4.16 Intellectual Property. The Company and its subsidiaries own or
possess adequate trademarks and trade names and have all other rights to
inventions, know-how, patents, copyrights, confidential information and other
intellectual property (collectively, "Intellectual Property Rights"), free and
clear of all liens, security interests, charges, encumbrances, equities and
other adverse claims, necessary to conduct the business now operated by them, or
presently employed by them, and presently contemplated to be operated by them,
and have not received any notice of infringement of or conflict with asserted
rights of others with respect to any Intellectual Property Rights that, if
determined adversely to the Company or any of its subsidiaries, would
individually or in the aggregate have a Material Adverse Effect. No proprietary
technology of any Person was used in the design or development by the Company of
(or otherwise with respect to) any of the Intellectual Property Rights which
technology was not properly acquired by the Company from such Person.

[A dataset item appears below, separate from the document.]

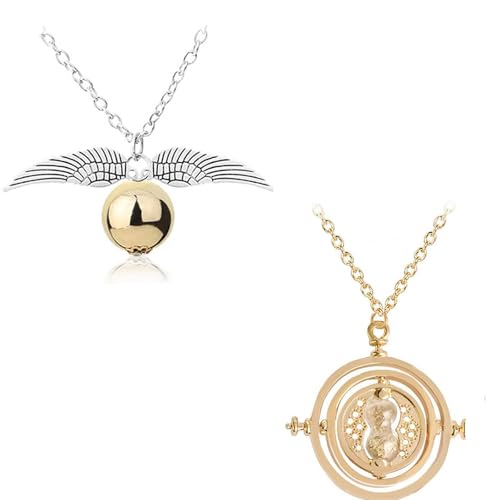 squishy 2Pcs Necklace, Time Turner Pendant Accessories Set, Inspired Jewelry for Magic Fans, Magical Cosplay Gift, Adjustable Chain - Image 1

4.17 Environmental Matters. Neither the Company nor any of its
subsidiaries is in violation of any statute, rule, regulation, decision or order
of any governmental agency or body or any court, domestic or foreign, relating
to the use, disposal or release of hazardous or toxic substances or relating to
the protection or restoration of the environment or human exposure to hazardous
or toxic substances (collectively, "Environmental Laws"), owns or operates any
real property contaminated with any substance that is subject to any
Environmental Laws, is liable for any off-site disposal or contamination
pursuant to any Environmental Laws, or is subject to any claim relating to any
Environmental Laws, which violation, contamination, liability or claim would
individually or in the aggregate have a Material Adverse Effect; and the Company
is not aware of any pending investigation which might lead to such a claim.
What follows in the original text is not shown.